Publisher/Date:
Encircled Productions (2023)
Product Type:
Scenario Pack
Country of Origin:
United States
Contents:
8 scenarios on cardstock, 2 pages rules (for linked-scenario campaign game)
The 10th Mountain Pack is the latest in the series of themed scenario packs published by Kansas City-area ASLers to promote the annual March Madness ASL tournament in that city. As its title suggests, the theme of this pack is the U.S. 10th Mountain Division, the only mountain division created by the United States in World War II. The division only saw action for a relatively short period of time–from January through May 1945, with 114 days of combat–but has since garnered a perhaps outsized amount of attention, possibly because the division had a long history after the war, leading to many people having served in it. One person who served in the division during the war was Ernest Mareske, Jr., father of Dave Mareske, one of the three people credited as the “development team” for the pack, which largely explains the pack’s origins.

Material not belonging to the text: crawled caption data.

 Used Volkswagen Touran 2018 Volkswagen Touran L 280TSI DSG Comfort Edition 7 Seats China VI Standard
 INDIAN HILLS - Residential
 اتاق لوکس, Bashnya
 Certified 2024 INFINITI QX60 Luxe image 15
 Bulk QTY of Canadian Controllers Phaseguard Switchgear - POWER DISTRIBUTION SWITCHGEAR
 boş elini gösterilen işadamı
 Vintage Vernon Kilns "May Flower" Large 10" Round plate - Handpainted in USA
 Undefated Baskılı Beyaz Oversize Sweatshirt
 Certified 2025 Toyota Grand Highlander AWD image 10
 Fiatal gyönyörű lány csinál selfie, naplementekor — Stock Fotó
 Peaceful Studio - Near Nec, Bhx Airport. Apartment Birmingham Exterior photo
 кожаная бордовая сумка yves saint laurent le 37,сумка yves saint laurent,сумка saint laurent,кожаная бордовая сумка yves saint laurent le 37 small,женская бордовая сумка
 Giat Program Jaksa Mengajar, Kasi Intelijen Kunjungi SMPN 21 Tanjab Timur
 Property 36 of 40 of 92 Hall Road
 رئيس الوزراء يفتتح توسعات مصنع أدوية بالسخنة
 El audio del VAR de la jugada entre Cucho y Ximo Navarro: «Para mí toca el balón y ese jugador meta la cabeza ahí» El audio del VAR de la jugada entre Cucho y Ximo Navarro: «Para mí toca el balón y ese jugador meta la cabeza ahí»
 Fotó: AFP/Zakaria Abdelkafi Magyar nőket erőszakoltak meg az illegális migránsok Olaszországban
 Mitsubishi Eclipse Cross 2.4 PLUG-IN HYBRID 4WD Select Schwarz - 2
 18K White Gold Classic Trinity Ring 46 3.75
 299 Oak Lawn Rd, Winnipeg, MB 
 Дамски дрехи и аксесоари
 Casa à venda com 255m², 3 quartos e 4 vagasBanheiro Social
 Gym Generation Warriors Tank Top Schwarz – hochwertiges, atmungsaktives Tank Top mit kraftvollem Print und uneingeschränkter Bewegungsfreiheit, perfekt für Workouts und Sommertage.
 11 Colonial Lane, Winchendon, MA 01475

The pack is the second pack to center on a U.S. division that fought in Italy; the first was Schwerpunk’s Rally Point #5, which focused on the 45th Infantry Division, though that unit was one of three divisions later removed from Italy to invade southern France. In contrast, the 10th Mountain Division fought only in Italy, much of it during the winter of 1945.
The design of the pack is pretty bare-boned; there is no counter art for OOB units, nor map art, nor are OOB units portrayed in color (though there is color on some of the scenario cards, it occurs primarily only in the form of unit symbols).
All the scenarios in the pack feature Americans fighting Germans. AFVs are quite rare in the pack, with most scenarios presenting infantry vs. infantry actions. Half the scenarios are quite small, while the other half are huge. Though this pack was released in connection with an ASL tournament, only about three of the scenarios are tournament suitable (as one of the scenarios is too small to be suitable).
No scenarios have Air Support, but three scenarios feature OBA and fully half of the scenarios are Night scenarios.
All of the scenarios with OBA and three of the Night scenarios are actions in a four-part linked-scenaro campaign game dubbed “Operation Encore.” I’d tell you what this operation was about, except that the page of historical information is printed in such tiny, tiny type that my eyeballs would fall out of their sockets if I tried to read them. But basically, players play the four scenarios in order, making directed OOB changes (essentially ELR replacement and Battle Hardening) after each scenario. A somewhat complicated campaign victory point table tells you afterwards who won. The scenarios mostly use the big mountain geoboards from Forgotten War. I’m not sure what the audience is for this campaign game (or for the individual scenarios, for that matter). MM84 (Operation Encore – Part I: Mount Belvedere), for example, is a supersized night scenario, featuring an American attack with 42 squads against a defending German force of 32 squads, 4 guns, and 45 fortifications (!). Are there going to be a lot of ASLers hankering for a massive night attack against a heavily fortified position? The second scenario is smaller, but similar, although the Americans do get some AFVs. The third scenario is very similar to the second, minus the AFVs. The last scenario flips the board and presents a massive German night attack with 38 squads and 2 guns against a fortified American position with 20 squads and 2 guns. To play all four of the large-to-very-large scenarios would take an awful lot of work.
In contrast, the other four scenarios are much smaller (3 squads vs. 4 squads, 11 squads vs. 8 squads, 8 squads vs. 8 squads, and 9 squads vs. 5 squads. Americans are on the attack in all four.
To play all the scenarios in the pack, players need access to boards 14, 25, 62, 70, 80, 81, 82, 83, 87, 88, and 5a, plus third party boards DW-5a and DW-5b from Poland in Flames by Bounding Fire Productions. The scenario card, however, does not tell players what boards DW-5a and -5b are, or where they are, so players must figure that out on their own.